(Beginning of Data)

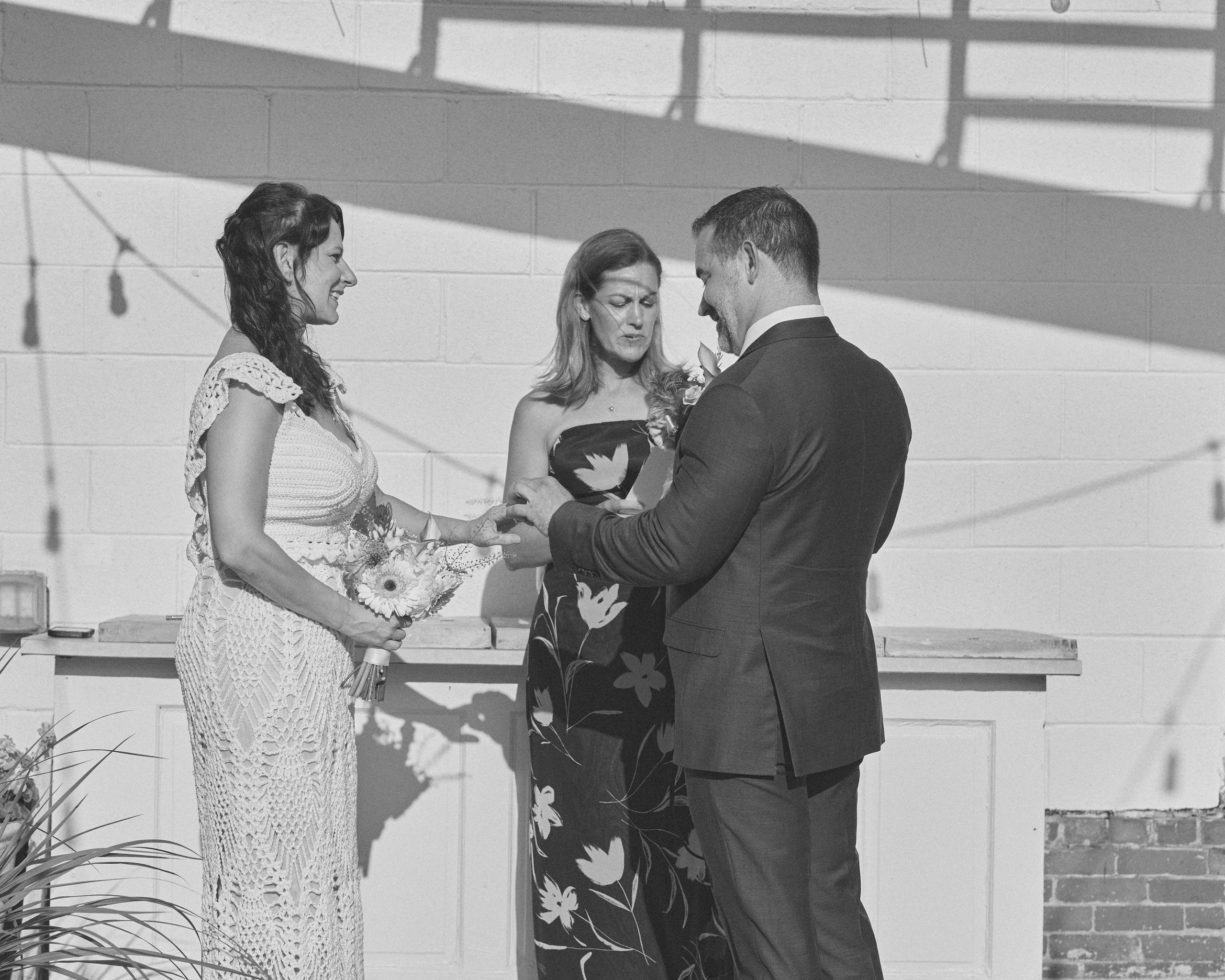 Cozy Micro Wedding in Columbus Ohio | Intimate Wedding Photographer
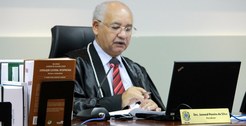 Presidente do TRE-MT Desembargador Juvenal Pereira da Silva.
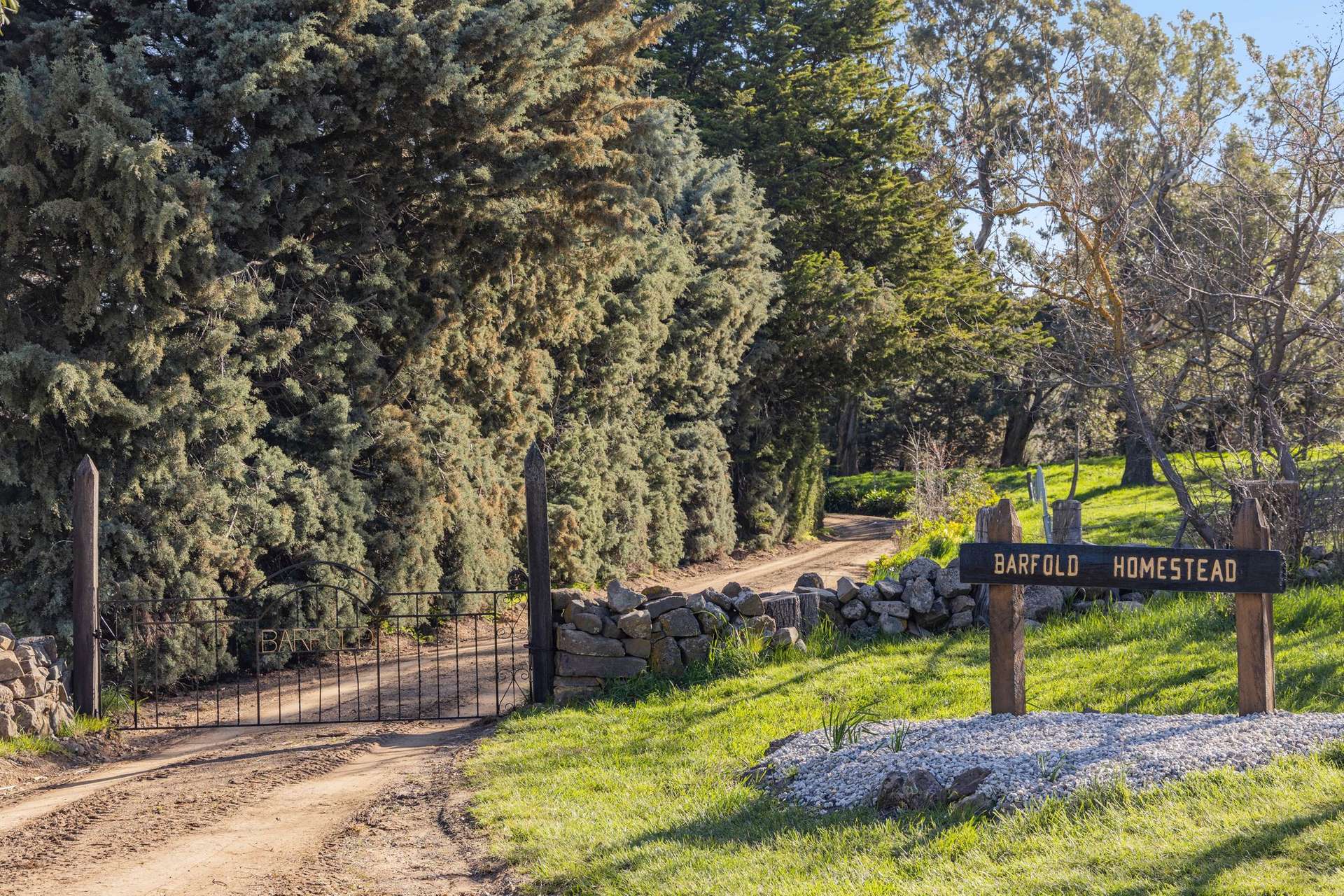 1469 Kyneton-Redesdale Road, Barfold For Sale by Farmbuy.com - image 1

(End of Data)

**Exercise details:** The data above are to be repeated word for word, with any pictures left out.

**Task output:**
 Cozy Micro Wedding in Columbus Ohio | Intimate Wedding Photographer
 Presidente do TRE-MT Desembargador Juvenal Pereira da Silva.
 1469 Kyneton-Redesdale Road, Barfold For Sale by Farmbuy.com - image 1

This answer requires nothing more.